» **RECORD EXTRACTS**
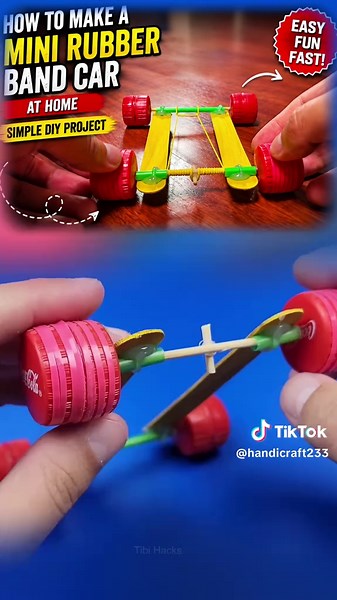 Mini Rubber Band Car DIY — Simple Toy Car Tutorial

==

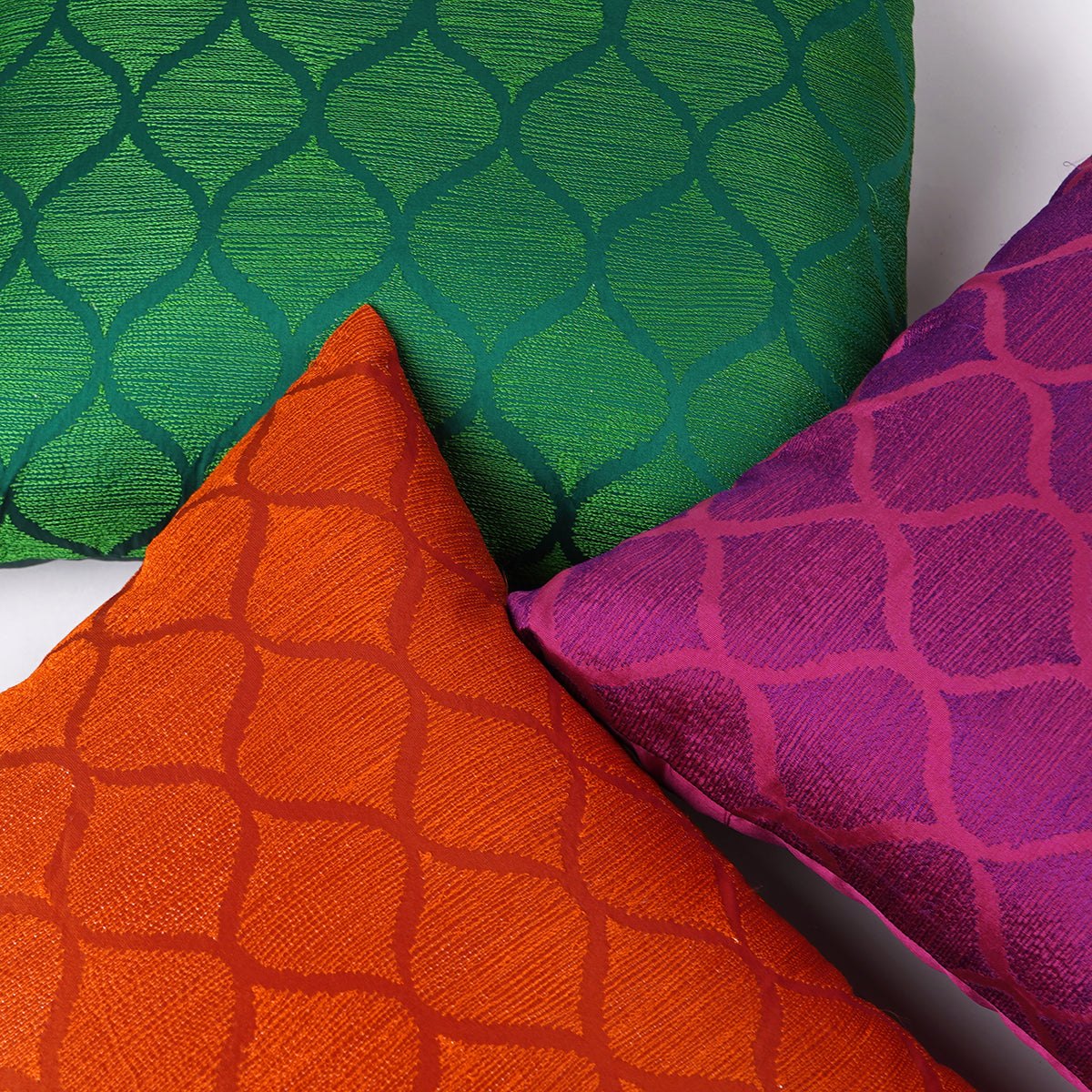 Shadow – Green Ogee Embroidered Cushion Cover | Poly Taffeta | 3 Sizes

==

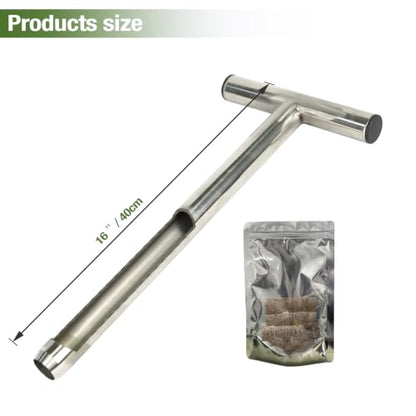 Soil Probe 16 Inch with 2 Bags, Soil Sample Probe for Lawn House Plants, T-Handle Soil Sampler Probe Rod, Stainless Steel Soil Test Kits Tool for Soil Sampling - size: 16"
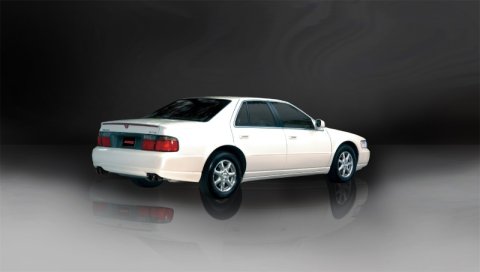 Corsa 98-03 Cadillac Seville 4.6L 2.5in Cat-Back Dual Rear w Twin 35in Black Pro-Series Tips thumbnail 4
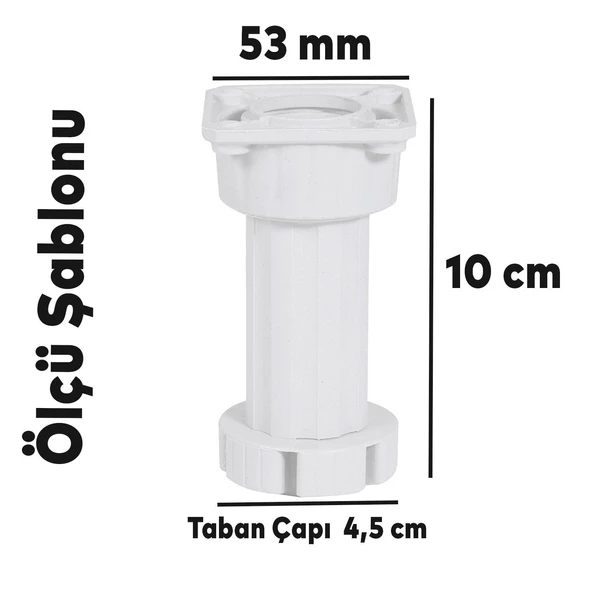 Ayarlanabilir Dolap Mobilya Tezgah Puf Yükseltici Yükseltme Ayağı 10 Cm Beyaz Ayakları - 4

» **WHAT YOU NEED TO DO**
Beginning at the line above that contains "Soil Probe 16", repeat each line exactly through the one that contains "Corsa 98-03 Cadillac", and leave out the pictures.

» **FINISHED TASK**
 Soil Probe 16 Inch with 2 Bags, Soil Sample Probe for Lawn House Plants, T-Handle Soil Sampler Probe Rod, Stainless Steel Soil Test Kits Tool for Soil Sampling - size: 16"
 Corsa 98-03 Cadillac Seville 4.6L 2.5in Cat-Back Dual Rear w Twin 35in Black Pro-Series Tips thumbnail 4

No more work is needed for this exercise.